Other hidden evidence in the hands of regulators takes the form of adverse drug reaction reports. Andrew Herxheimer and Barbara Mintzes (see page 487) comment that, even in the United Kingdom, which has one of the best voluntary reporting systems in the world, the side-effects of drugs used to treat depression are underreported and hence underestimated.

The behaviour of industry, government and investigators must change. Investigators must demand access to all the data collected in clinical trials in which they participate1 and to suitably anonymized aggregate information from adverse drug reaction reports. Investigators should be at liberty and even encouraged to provide alternate analyses and interpretations of clinical trial results and adverse event reporting and to publish these. Physicians, research subjects and the public should demand no less.
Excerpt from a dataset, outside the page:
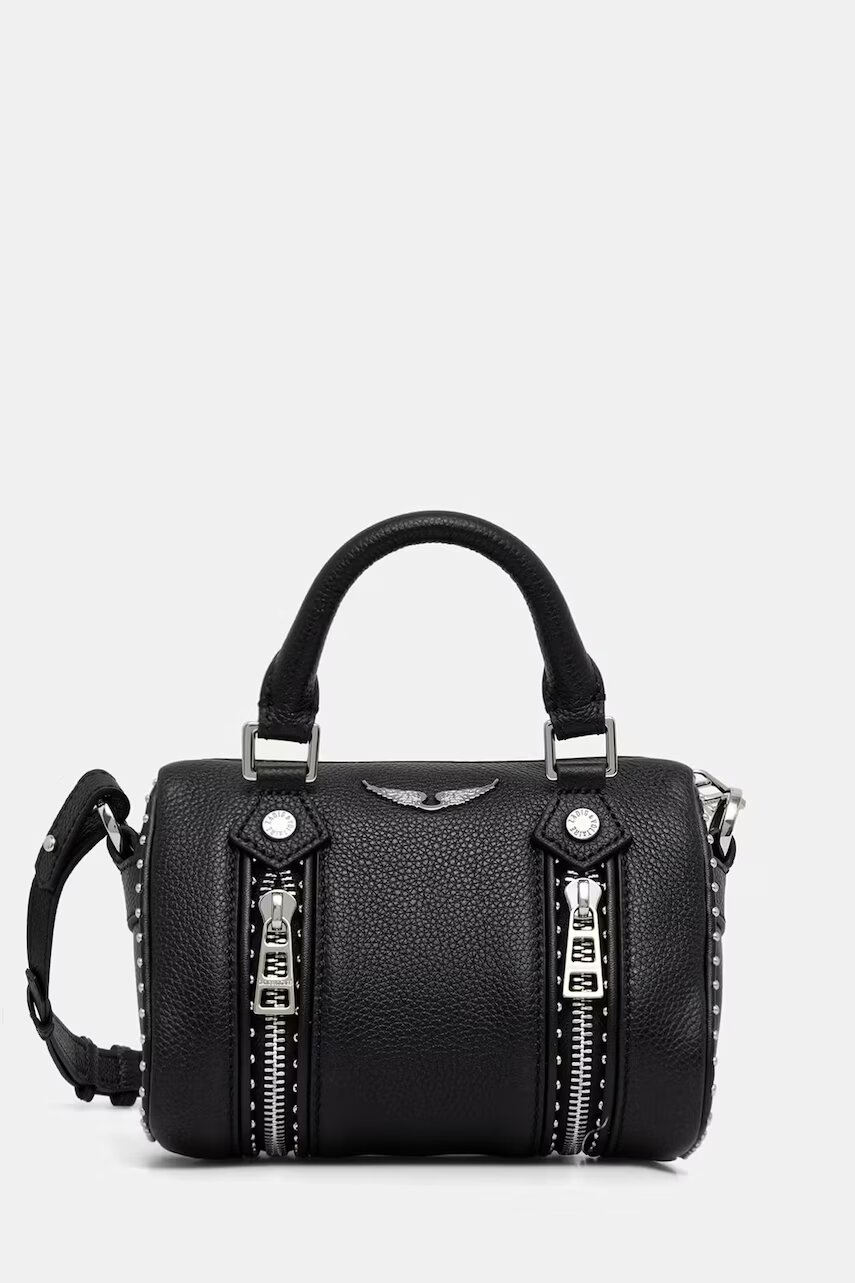 Zadig&Voltaire geantă crossbody pentru femei din piele SUNNY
We are encouraged by Hirsch's announcement that "Merck has adopted guidelines in which we commit to publish the results of hypothesis-testing clinical trials regardless of outcome." Although some may find fault in the details, the new Merck guidelines are a bold step — one that should receive wide support and encouragement from the research community and physicians. Canada's Research-Based Pharmaceutical Companies should announce their full support for the Merck guidelines and make them part of the association's guidelines for all member companies.

We hope that with the proposed "renewal" of Canadian health protection legislation, our government will adhere to the stated values of "openness," "accountability" and the "primacy of health and safety." 2 In the regulation of clinical testing of drugs and devices, safety and efficacy must trump proprietary rights every time. — CMAJ

References


Davidoff F, DeAngelis CD, Drazen JM, Nicholls MG, Hoey J, Højgaard L, et al. Sponsorship, authorship and accountability. CMAJ 2001;165(6):786-8.[Free Full Text]
Health protection legislative renewal [proposal]. Ottawa: Health Canada; 2003. Available: www2.itssti.hc-sc.gc.ca/HPCB/Policy/LegislativeRenewal.nsf (accessed 2004 Jan 26).